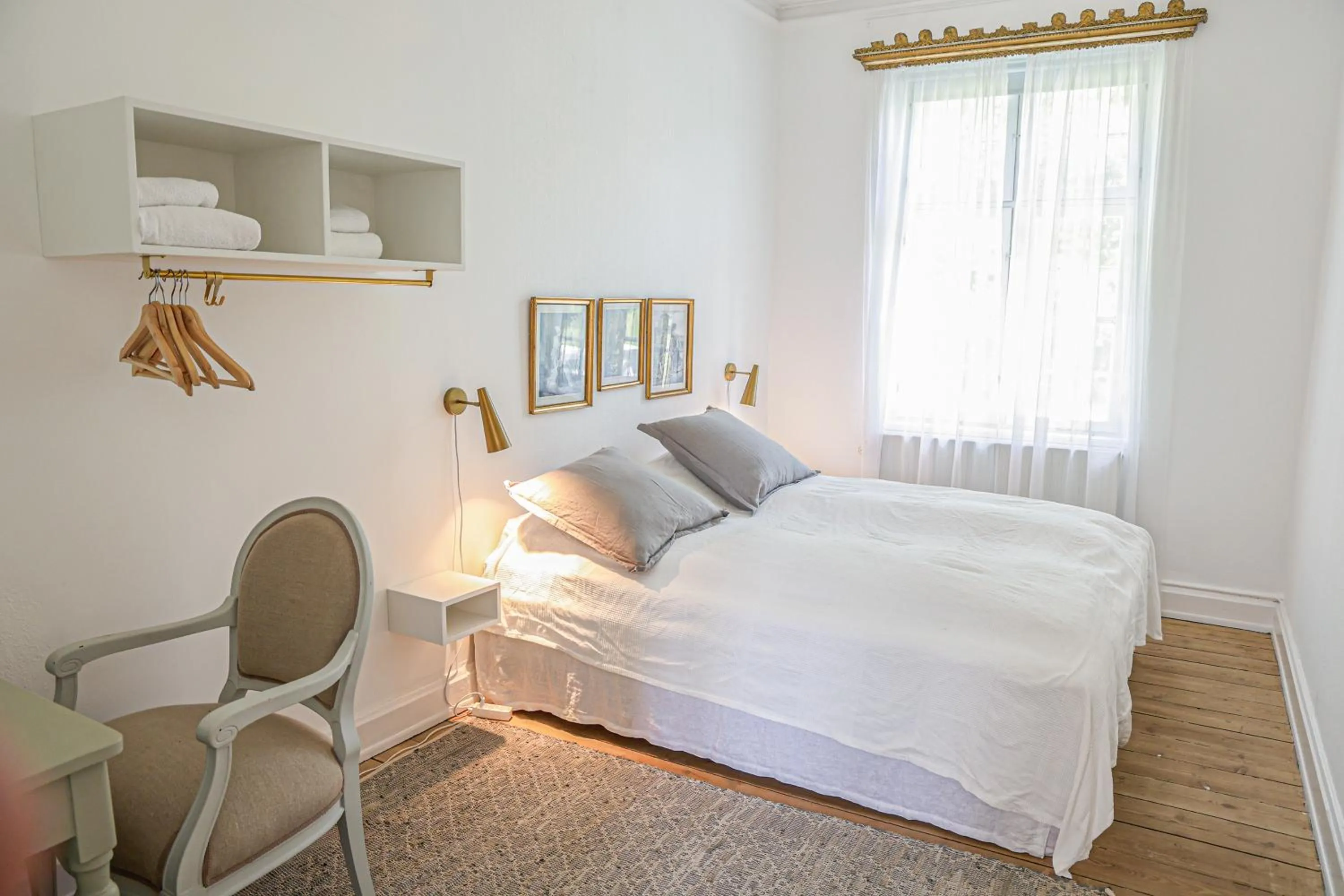 Bed in Lundsgaard Gods Badehotel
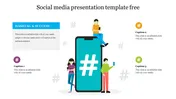 Social media presentation template free slide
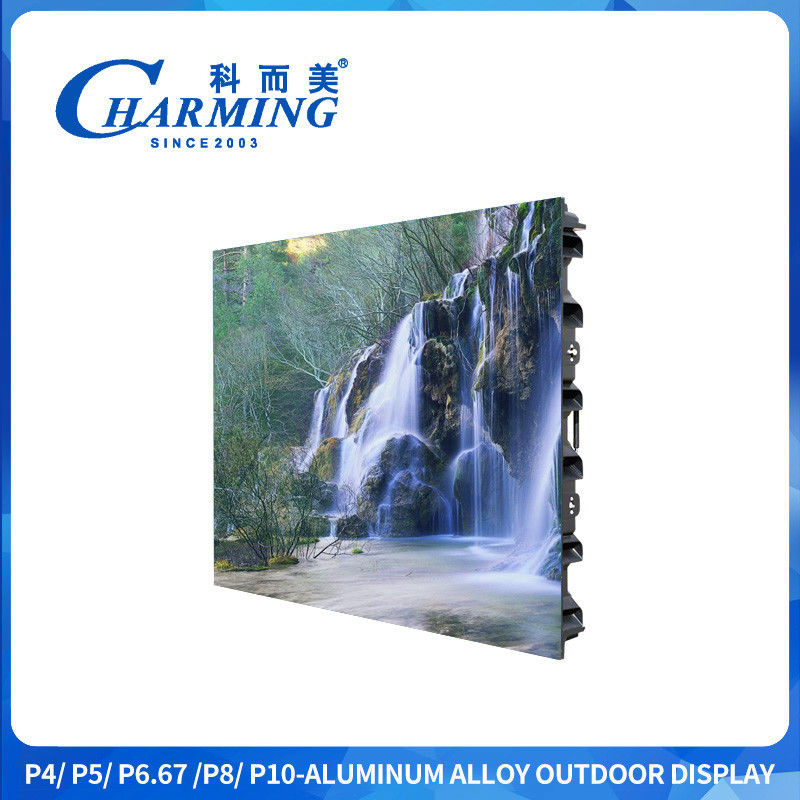 16-Bit Alto Nível Cinzento Exterior P4 Led Display Screen Ângulo de Visão Ultra Largo Com Ligação de Zinco Quick Lock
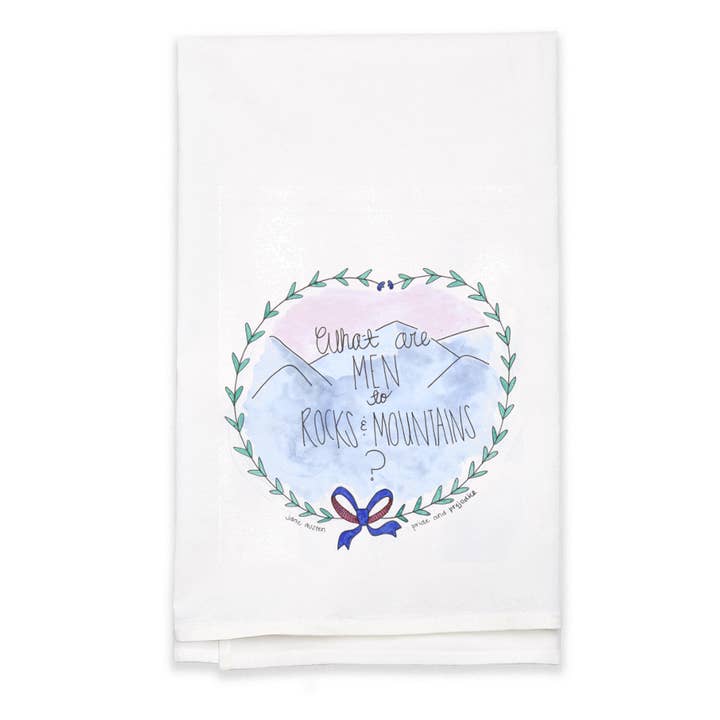 Flour Sack Tea Towel - What are Men? for wholesale by The Hare and The Hart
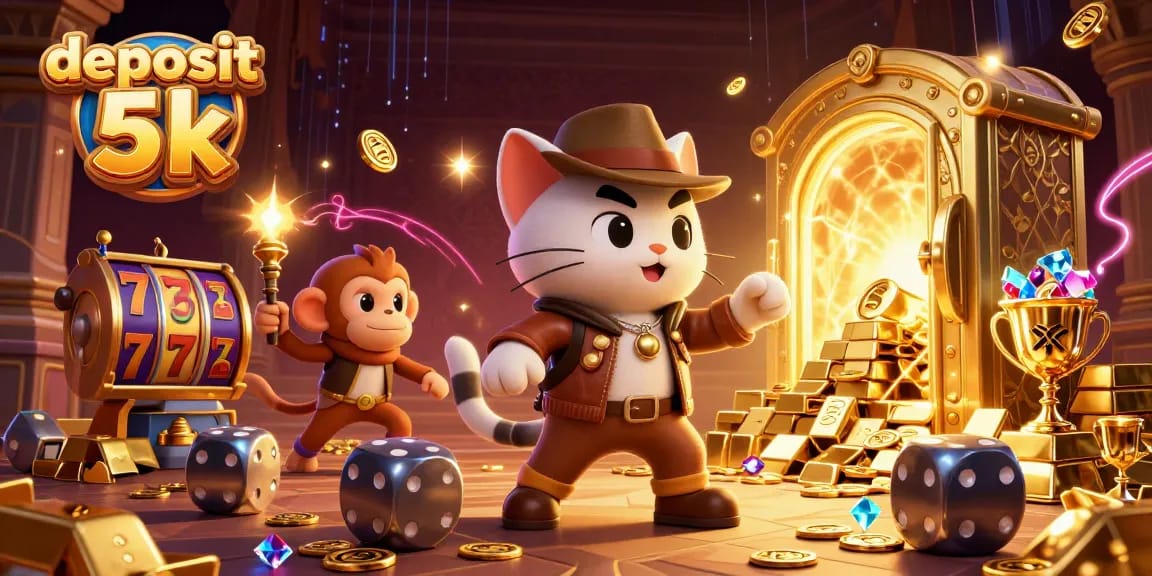 Experience thrilling wins with deposit 5k in a vibrant 3D casino adventure.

- - - - - - -

Exercise instructions:
Leave out the pictures and output the rest of the records exactly.

Task solution:
 Bed in Lundsgaard Gods Badehotel
 Social media presentation template free slide
 16-Bit Alto Nível Cinzento Exterior P4 Led Display Screen Ângulo de Visão Ultra Largo Com Ligação de Zinco Quick Lock
 Flour Sack Tea Towel - What are Men? for wholesale by The Hare and The Hart
 Experience thrilling wins with deposit 5k in a vibrant 3D casino adventure.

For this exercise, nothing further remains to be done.